# SOURCE INFORMATION

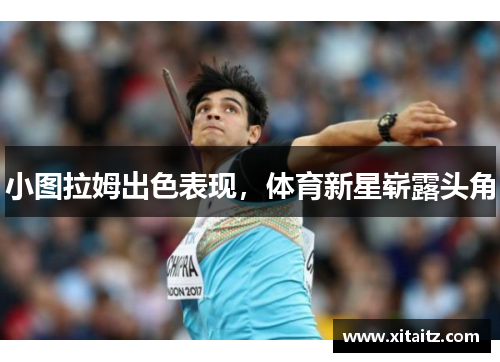 小图拉姆出色表现，体育新星崭露头角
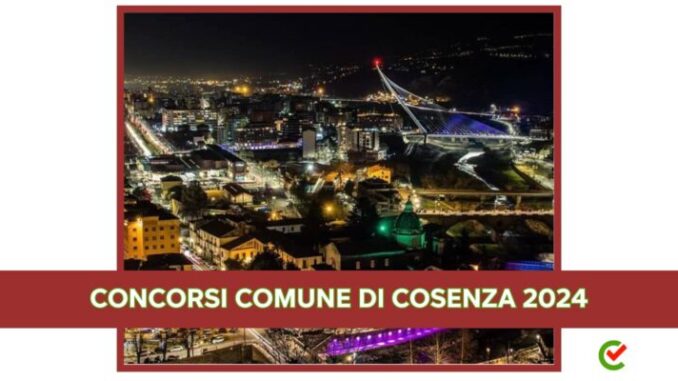Concorsi Comune di Cosenza 2024 - In arrivo 134 assunzioni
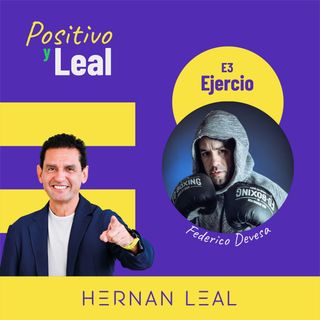 03:  EJERCICIO FÍSICO | POSITIVO Y LEAL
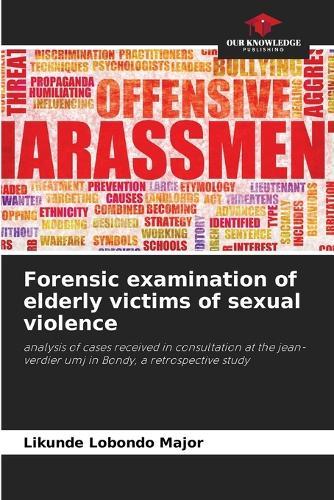 Forensic examination of elderly victims of sexual violence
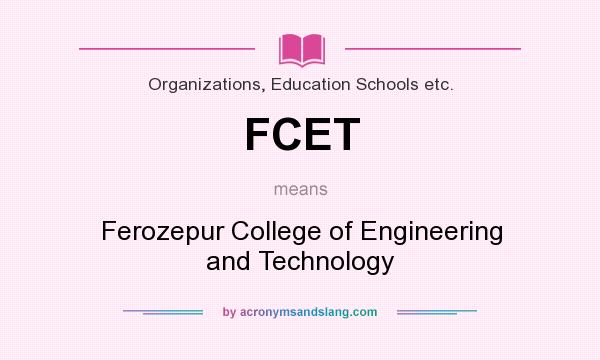 What does FCET mean? It stands for Ferozepur College of Engineering and Technology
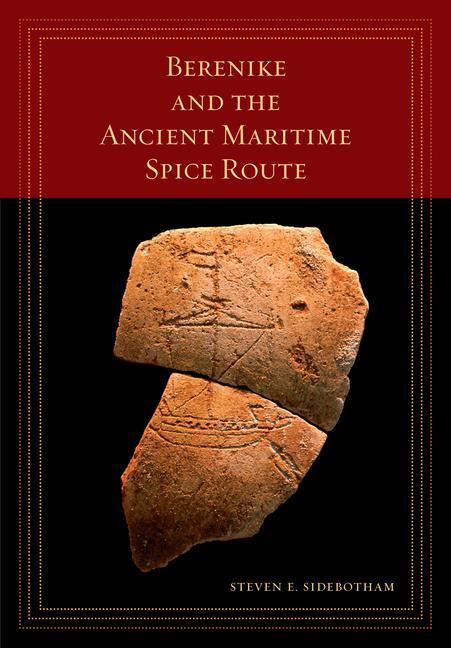 Cover: 9780520303386 | Berenike and the Ancient Maritime Spice Route | Steven E. Sidebotham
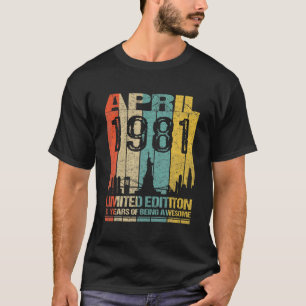 Camiseta Incrível Desde Abril De 1981 41Rua Birthday Vinta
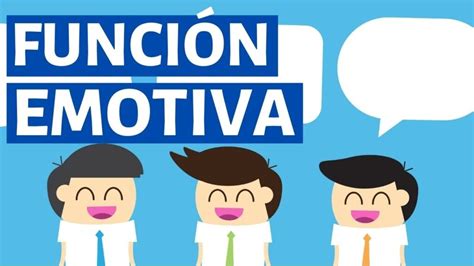 ¿qué Significa La Función Emotiva Escuela Particular Arrayan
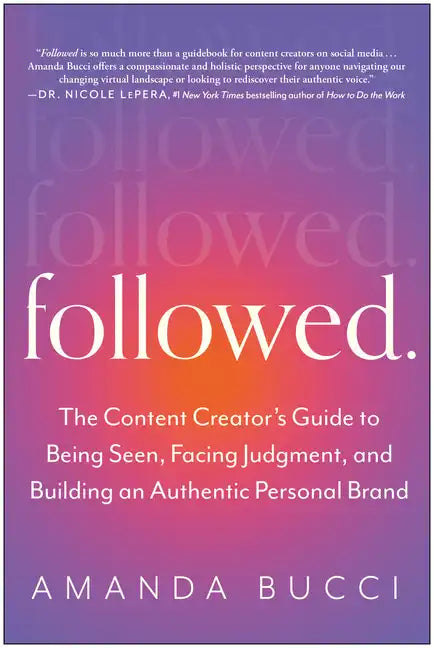Followed: The Content Creator's Guide to Being Seen, Facing Judgment, and Building an Authentic Personal Brand - Paperback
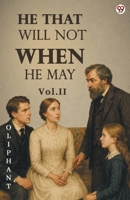 He That Will Not When He May Vol. II 9371130105 Book Cover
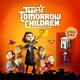 The Tomorrow Children: Phoenix Edition Прокат и аренда игры 7 дней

# TASK STATEMENT
Only the lines from the line with "Camiseta Incrível Desde" through the end of the records belong in your copy. Repeat them exactly, without pictures.

# SOLUTION
 Camiseta Incrível Desde Abril De 1981 41Rua Birthday Vinta
 ¿qué Significa La Función Emotiva Escuela Particular Arrayan
Followed: The Content Creator's Guide to Being Seen, Facing Judgment, and Building an Authentic Personal Brand - Paperback
 He That Will Not When He May Vol. II 9371130105 Book Cover
 The Tomorrow Children: Phoenix Edition Прокат и аренда игры 7 дней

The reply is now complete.